* **Your assignment**: Set down every record below exactly as it stands, minus the pictures.

————

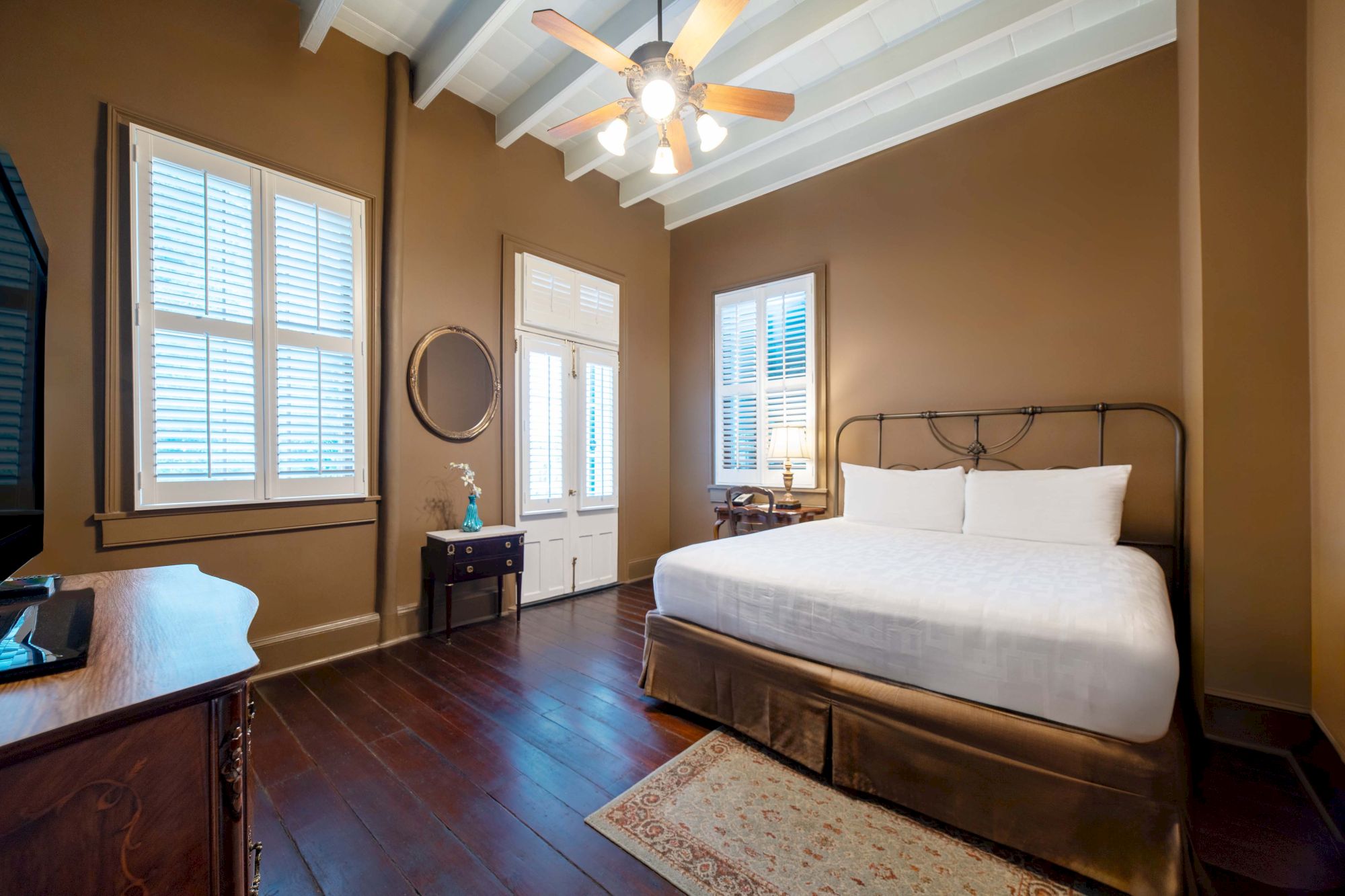 A cozy bedroom with a large bed, wooden floors, a ceiling fan, and natural light from two windows with shutters, creating a warm ambiance.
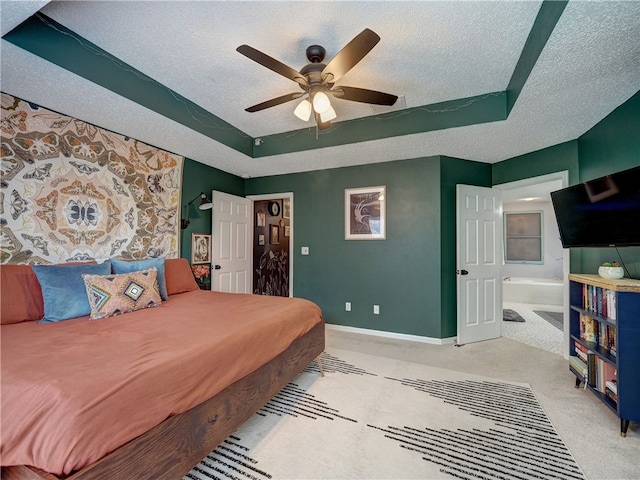 bedroom with a textured ceiling, light carpet, ensuite bathroom, ceiling fan, and a tray ceiling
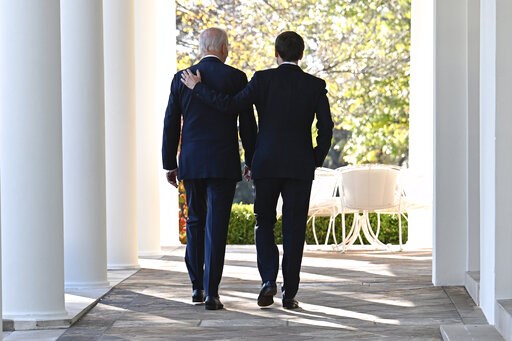 Biden, Macron vow unity against Russia, discuss trade row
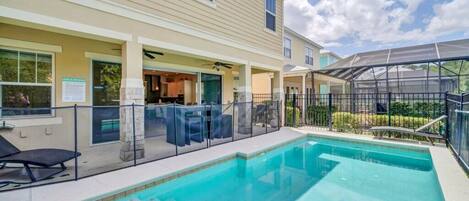 A pool area with a covered patio, lounge chairs, and a clear sky.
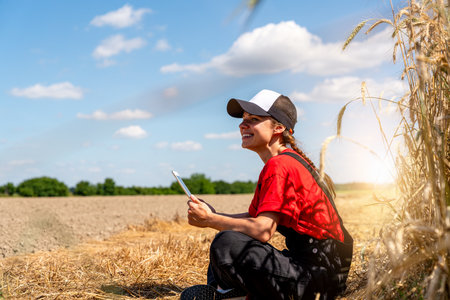 Female agricultural worker using digital tablet while sitting on farmland near field
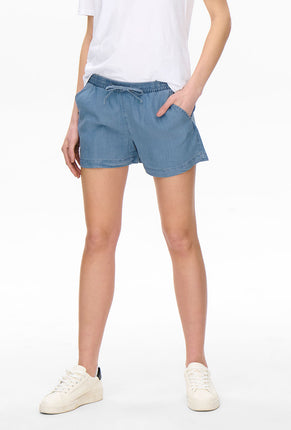 Front image of a model wearing Pema life lycell denim shorts in denim, by brand Only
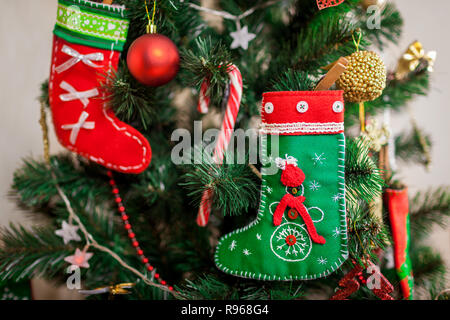 Young woman decorating Christmas tree with toys at home, wearing winter sweater. Preparing to New year. Closeup of reindeer Stock Photo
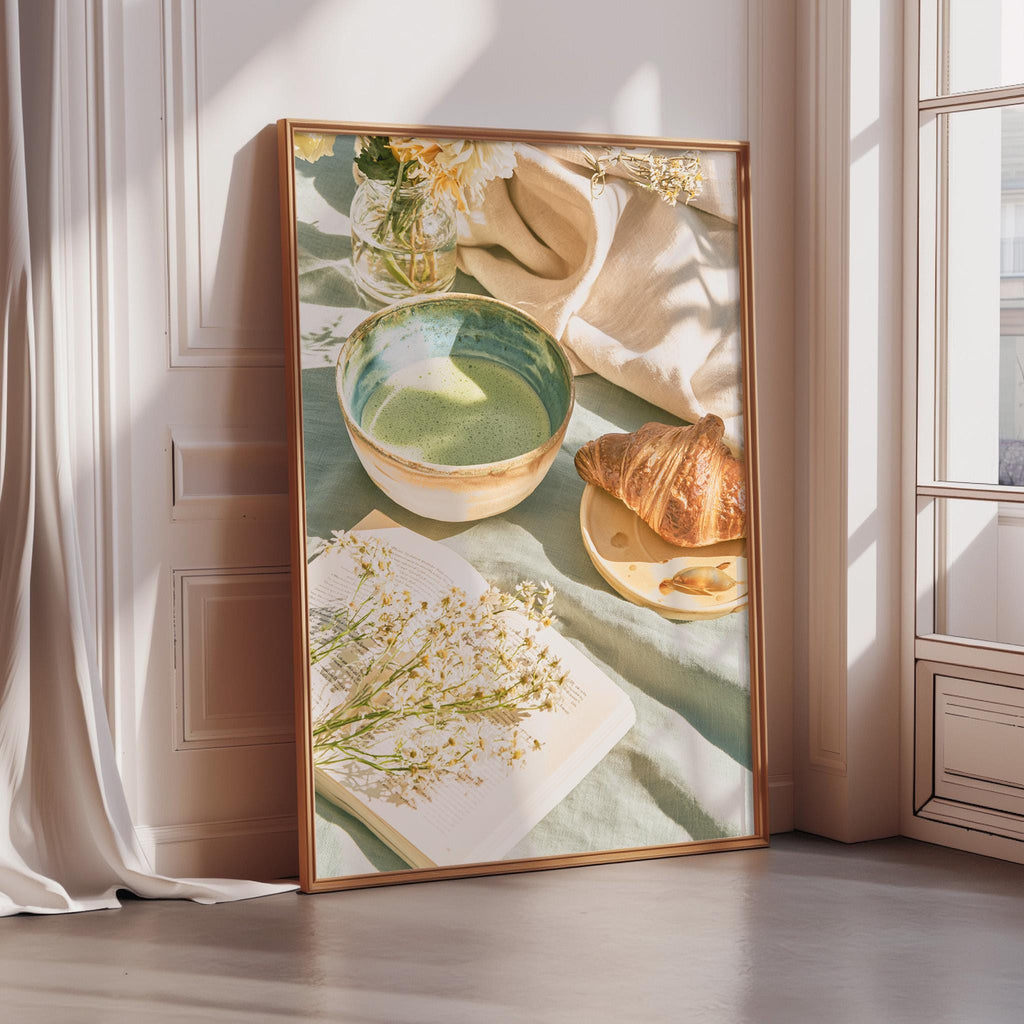 A framed print depicting a cozy breakfast scene with a croissant, a bowl of soup, and a vase of flowers on a table.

————

* **Written answer**:
 A cozy bedroom with a large bed, wooden floors, a ceiling fan, and natural light from two windows with shutters, creating a warm ambiance.
 bedroom with a textured ceiling, light carpet, ensuite bathroom, ceiling fan, and a tray ceiling
 Biden, Macron vow unity against Russia, discuss trade row
 A pool area with a covered patio, lounge chairs, and a clear sky.
 Female agricultural worker using digital tablet while sitting on farmland near field
 Front image of a model wearing Pema life lycell denim shorts in denim, by brand Only
 Young woman decorating Christmas tree with toys at home, wearing winter sweater. Preparing to New year. Closeup of reindeer Stock Photo
 A framed print depicting a cozy breakfast scene with a croissant, a bowl of soup, and a vase of flowers on a table.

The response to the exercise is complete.